Sadly, that’s no longer the case. Today, a few of them are out in public spouting off all the time, like wannabe TV pundits, occasionally even commenting on matters that may soon come before the court. The worst offender is Justice Antonin Scalia, as he proved once again this week.
There’s nothing new about Scalia’s making outrageous remarks, both on and off the bench. He’s been doing it his entire judicial career. On “Fox News Sunday,” for example, shortly after the July movie theater shooting in Aurora, Colo., Scalia defended the right of Americans to arm themselves with any “hand-carried” weapon. “It doesn’t apply to cannons,” he explained. “But I suppose there are hand-held rocket launchers that can bring down airplanes that will have to be decided.” And there’s no doubt how Scalia would vote.

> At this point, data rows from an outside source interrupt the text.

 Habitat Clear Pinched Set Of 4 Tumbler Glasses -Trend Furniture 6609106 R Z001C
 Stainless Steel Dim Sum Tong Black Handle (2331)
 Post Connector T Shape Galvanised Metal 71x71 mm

At an October book-signing, as reported by Nina Strochlic of the Daily Beast, Scalia cavalierly dismissed three Supreme Court-weighty issues: “The death penalty? Give me a break. It’s easy. Abortion? Absolutely easy. Nobody ever thought the Constitution prevented restrictions on abortion. Homosexual sodomy? Come on. For 200 years, it was criminal in every state.”

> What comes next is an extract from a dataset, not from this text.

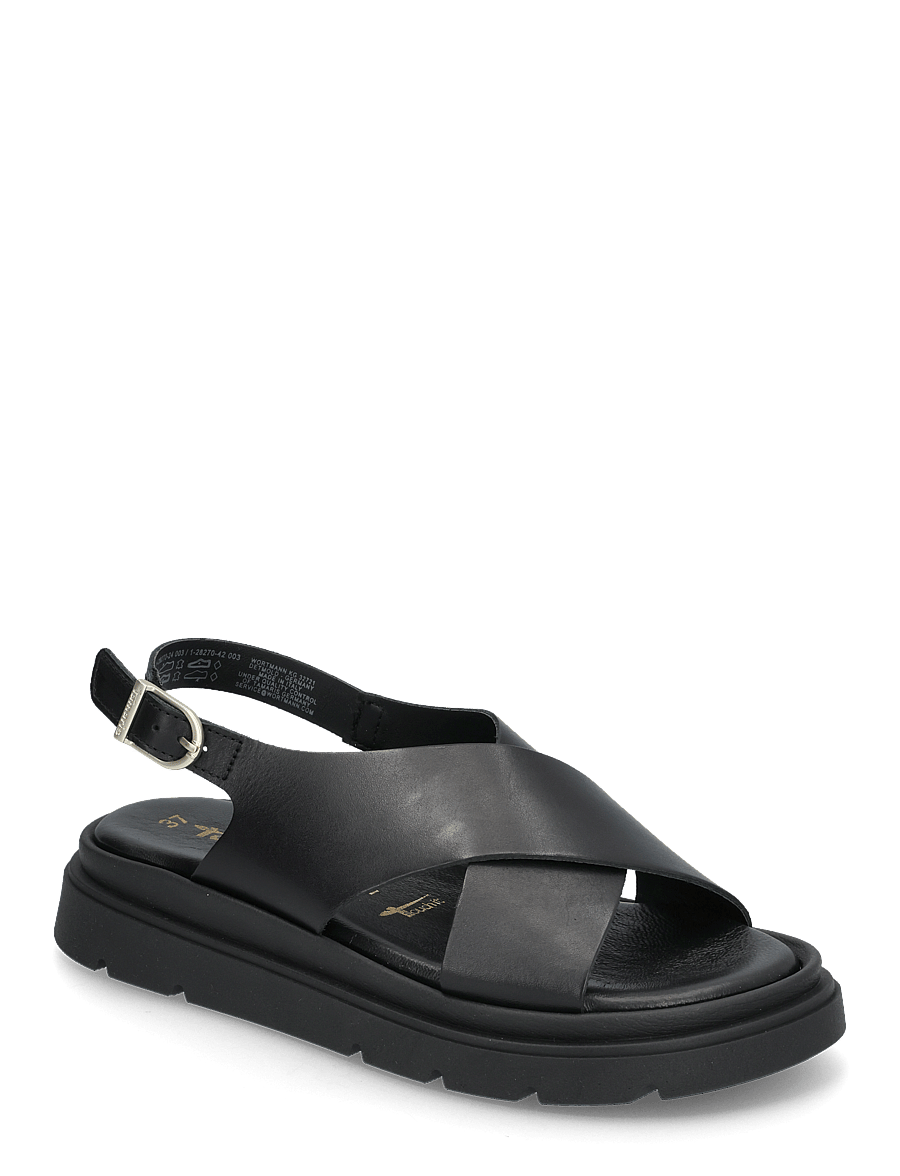 Tamaris - Women Sandals - flade sandaler - black leather - 0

Not even the pope, apparently, hates homosexuality as much as Scalia. In Lawrence v. Texas, he not only dissented from the court’s decision to strike down the state’s anti-sodomy statute, he accused the court of allowing for anything goes. From now on, argued Scalia, “state laws against bigamy, same-sex marriage, adult incest, prostitution, masturbation, adultery, fornication, bestiality, and obscenity” are all “called into question.”

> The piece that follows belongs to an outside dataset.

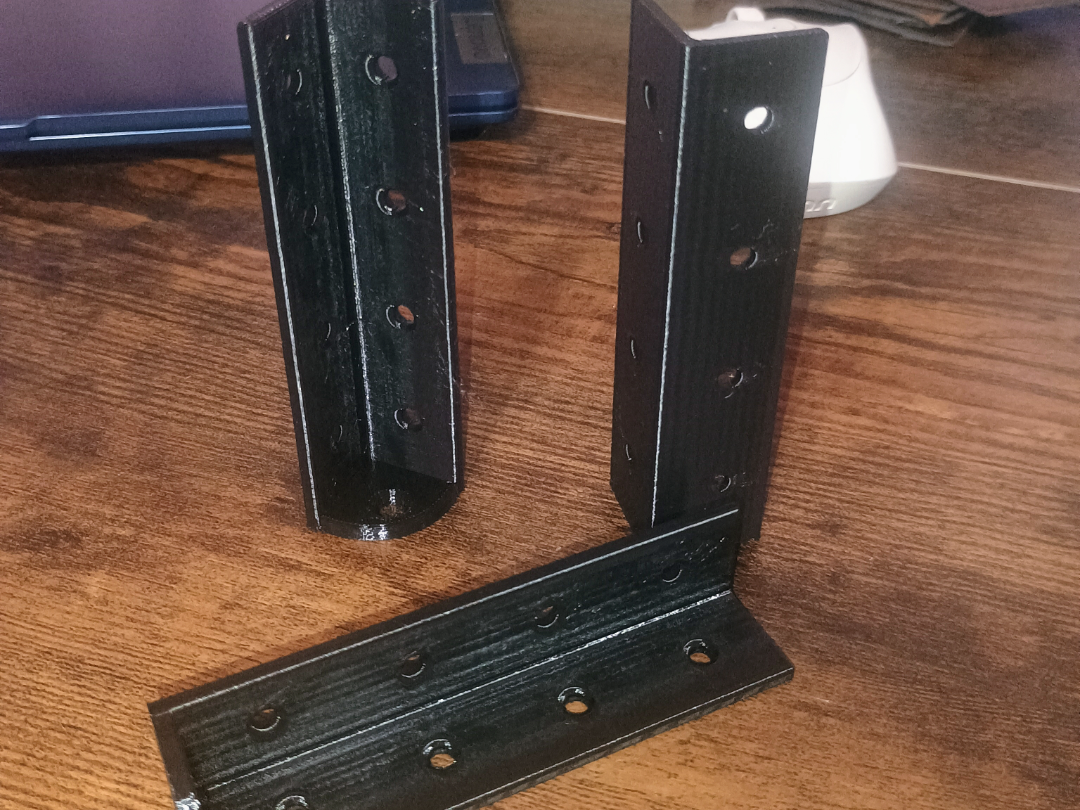 Inside corner bracket for wooden riser laser cover 3D model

Continuing his obsession with homosexuality, Scalia outdid himself this week. Speaking at Princeton University, Scalia defended equating laws against sodomy with laws against bestiality – and then took it a step further. “If we cannot have moral feelings against homosexuality,” he asked, “can we have it against murder?” Murder? Seriously? He does not recognize the difference between consensual sex between two same-sex adults and murder? Sometimes, it’s hard to tell the difference between Scalia law and Shariah law!
Now, here’s the problem. It’s OK for someone to hold those views, no matter how warped. It’s scary that someone so homophobic, and so close-minded, should sit on the Supreme Court. But it’s totally wrong for anyone with those views to be in a position to rule on any issue related to gay rights. After equating homosexuality with murder, how can he possibly consider the facts and rule fairly on same-sex marriage?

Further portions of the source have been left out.